Making CI/CD work with serverless

Feb 20 2021

“Serverless computing is a cloud-computing execution model in which the cloud provider runs the server, and dynamically manages the allocation of machine resources. Pricing is based on the actual amount of resources consumed by an application.”

— “Serverless Computing”, Wikipedia

This mundane description of serverless is perhaps an understatement of one of the major shifts in recent years. As a developer, serverless allows you for the first time in history to concentrate exclusively on what you do best: building your product, without worrying about the infrastructure. So what happens when we take the serverless mindset and implement a CI/CD pipeline with the same approach? A supercharged CI/CD flow.

In this post, I’ll describe Lumigo’s journey to using 100% serverless technologies in its CI/CD pipeline, including:

What is the Serverless mindset?
How we work without QA
How we help our developers be confident their changes won’t break anything
How we push changes to our production environment with a “serverless mindset”
A review of the tools we use locally and in the cloud

Serverless is different

Serverless is different than traditional architectures and that affects the way CI/CD is managed. Serverless applications are distributed, often with hundreds of components. As a result:

It’s difficult to orchestrate building serverless environments from scratch each time, especially when you need to instrument the environment for the first time.
A multitude of components usually entails frequent deployments
Many components can’t run on a regular Linux machine. SQS, SNS, and Kinesis, for example, are AWS services for which we don’t have a container, only partial mocks, so they must run in the AWS environment.

Guiding principles of serverless development workflows

When we create a serverless development workflow at Lumigo, three principles guide us:

Principle #1: Personal AWS environments

Serverless requires testing on a real AWS environment, mocks of AWS services don’t cut it. Originally we used a shared environment in which each developer used a different prefix to identify their resources. For example dev_john_<lambda_name> but very soon we realized that the developers were stepping on each other’s toes causing problems such as deleting or configuring the wrong resources and being unable to block an account in case it reached its budget threshold.

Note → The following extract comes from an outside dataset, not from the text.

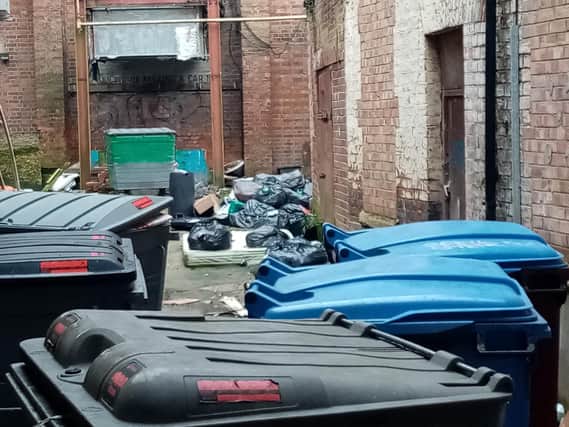 The Chronicle & Echo is calling on the owners of a heavily flytipped alleyway in Northampton town centre to clean their property.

We quickly moved to an approach in which each developer has a separate AWS environment. with their name, using AWS Organizations to manage it and consolidate billing. In addition, we invest heavily in tools that enable the developers to quickly and efficiently deploy their code to the AWS environment.

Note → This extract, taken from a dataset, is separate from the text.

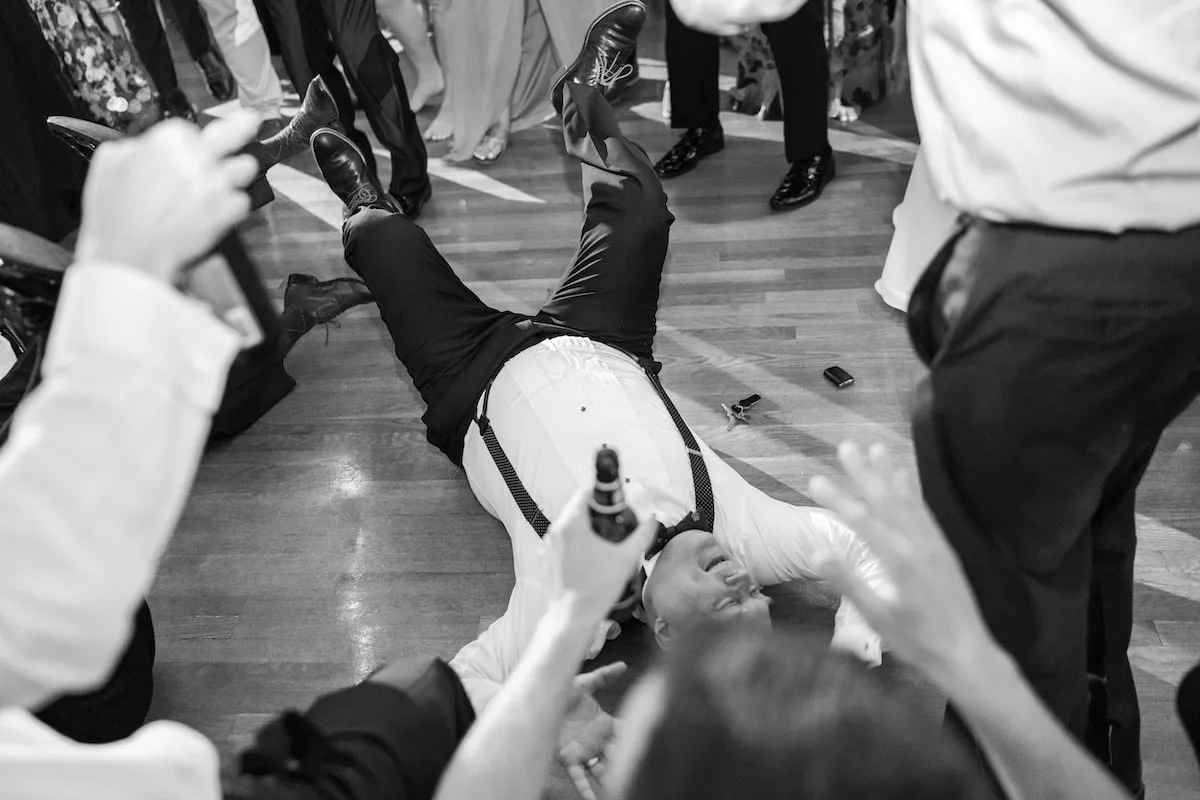 guy laying on floor dancing at wedding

Principle #2: Serverless-first

A big part of serverless is the notion that you should outsource everything that isn’t part of the core of your business. We took this mindset and implemented it across our entire technology stack. CI/CD, code quality, security checks — we don’t develop anything that we can outsource in-house.

We will always choose the serverless solution over the non-serverless one. For example, we use Serverless Aurora, not RDS; DynamoDB, not DocumentDB, and so on.

Principle #3: It’s the developer’s responsibility from A to Z

Developers are the sole owners of their developed product, from product management, design, coding, testing, deploying, and monitoring. It does not mean they are the ones who do everything. We have a dedicated product team, but the developers participate actively and have a strong say in the way the product will behave. In addition, we don’t have any specialized QA engineers, instead, all the testing is done by the developers themselves and we invest heavily in testing automation. The same thing goes for our monitoring efforts: the developers monitor the features and bugs they release to production.

A lot of responsibility falls on the developer’s shoulders.

Environments

serverles CICD environments

AWS environments in Lumigo do not end only with personal AWS environments. We have a couple of shared integration environments that are part of the automated CI/CD process, and we have two production environments that are composed of an environment our customers use and a monitoring environment that runs our own product that monitors the customer’s environment.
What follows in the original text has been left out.